Krayenhoff van der Leur’s workspace is set up in the home-cum-studio he shares with his husband, the artist AA Bronson. They moved together to Berlin from New York City in 2013 on the occasion of the DAAD Fellowship offered to Bronson, a one-year opportunity to create new work in Berlin. What was first intended as a work sabbatical, turned into a new permanent home. “Compared to New York, Berlin feels much more human, and human value feels so much more important here,” says Krayenhoff van der Leur of the move. Towards the end of the first year, the couple decided to indefinitely extend their stay. Leaving behind a 30-year-career in architecture, Krayenhoff van der Leur found himself stimulated by a new passion: sewing and garment making. He first began sewing when Bronson commissioned him to make the Folly Tent as part of his performance Tent for Healing at the Stedelijk Museum in 2013. Half architecture, half gown, the tent is a structure created for no purpose, rigid from the outside but gauzy and magical on the inside, like a porthole to another world. According to Krayenhoff van der Leur, Berlin is a wonderful space for ideas to grow and for healthy collaboration to develop. “In retrospect, I feel so much about New York life is the worship of money and power, which can be so distorting on human relations.”
“I create one system that solves every aspect of a shirt at once, making the shirt into a total sculptural form.”
Originally hailing from Canada, Krayenhoff van der Leur grew up in Victoria, British Columbia, an isolated town surrounded by nature. Prompted by the feeling that “there were all sorts of exciting things happening somewhere else, but not where I was,” he moved to Ottawa to study architecture in the 1970’s, realizing that “the closer to a center of culture I was, the happier I was.” He was drawn to architecture because of its possibility to “span the artistic and the scientific,” to push the boundaries of what was possible conceptually, and make it tangible in reality. But the way people dressed, their personal expression of identity through fashion, continued to fascinate him. A formative move to New York in 1998 made the more avant-garde expressions of Krayenhoff van der Leur’s personality through fashion possible in the everyday. “Wherever I had lived before moving to New York,” he says, “I always felt like the weird one, like I didn’t quite fit in, like nobody got me, and I had to sort of hold myself in. When I went to New York, all of a sudden people got me and they got who I was.”
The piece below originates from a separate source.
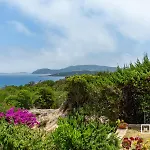 Villa Belocations - Marengo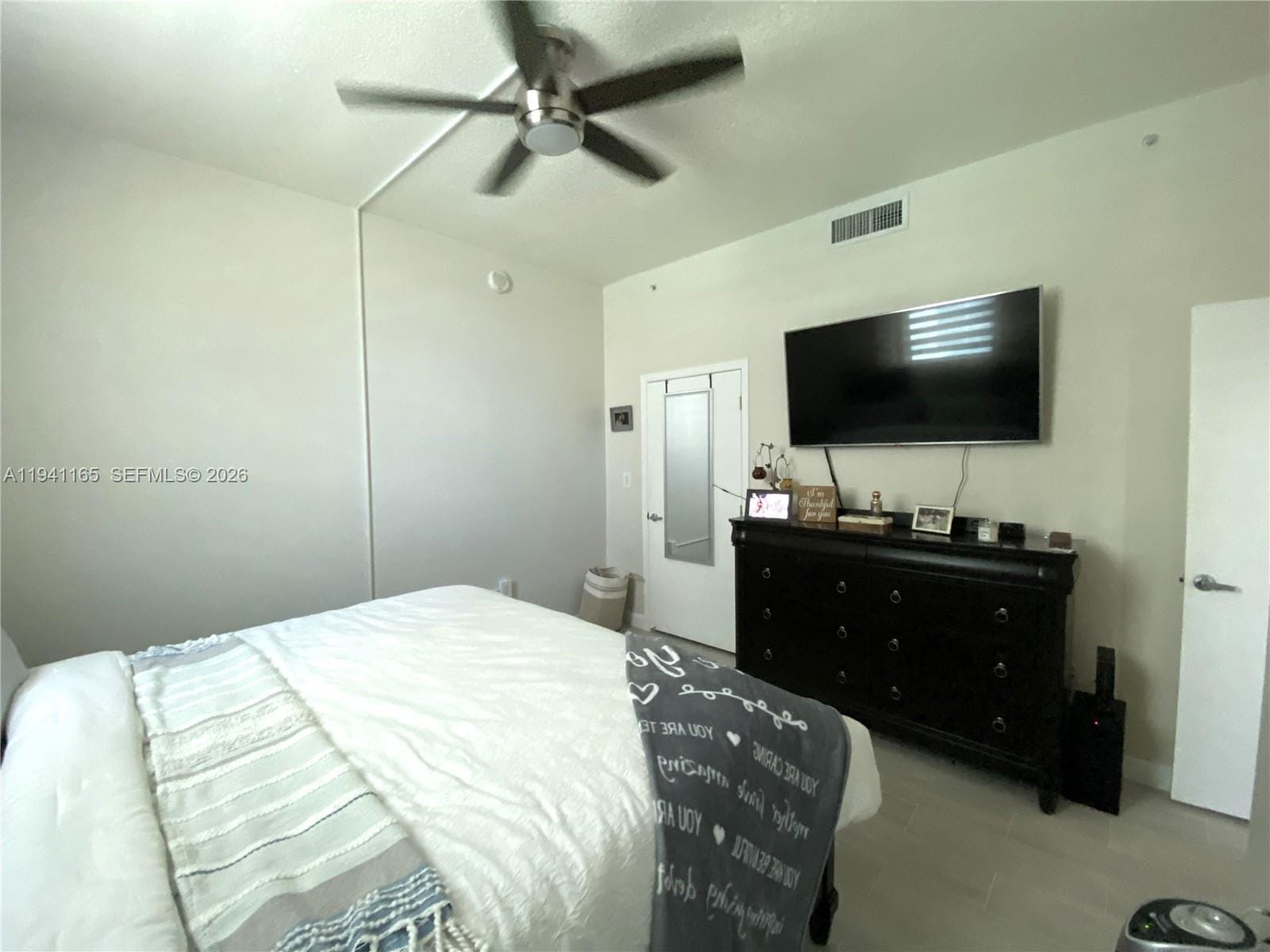 9066 SW 73rd Court 805, Miami, FL 33156 photo 20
The fashion industry can still be described as a vast economic system, moved by trends, seasons, economics, politics, and labour. To be a fashion designer today is to navigate all those contexts at once. With this in mind, Krayenhoff van der Leur doesn’t see his practice within this structure: “what I do is not fashion, it has no relation to trends,” he says, seeing his work, instead, as a form building exercise, driven by systems thinking and techniques derived from architectural planning. “I have no limits. That means I can take as long as I want to design a pattern, make them extremely elaborate, and take a long time to sew them.” He has developed a flexible design approach, which is applicable to different material contexts. “In any kind of design process, whether it be architecture or clothing, I create a concept in my mind and then use what resources I have at hand to form it—whether it be with textiles, wood-framing, or brick—in order to express those ideas.”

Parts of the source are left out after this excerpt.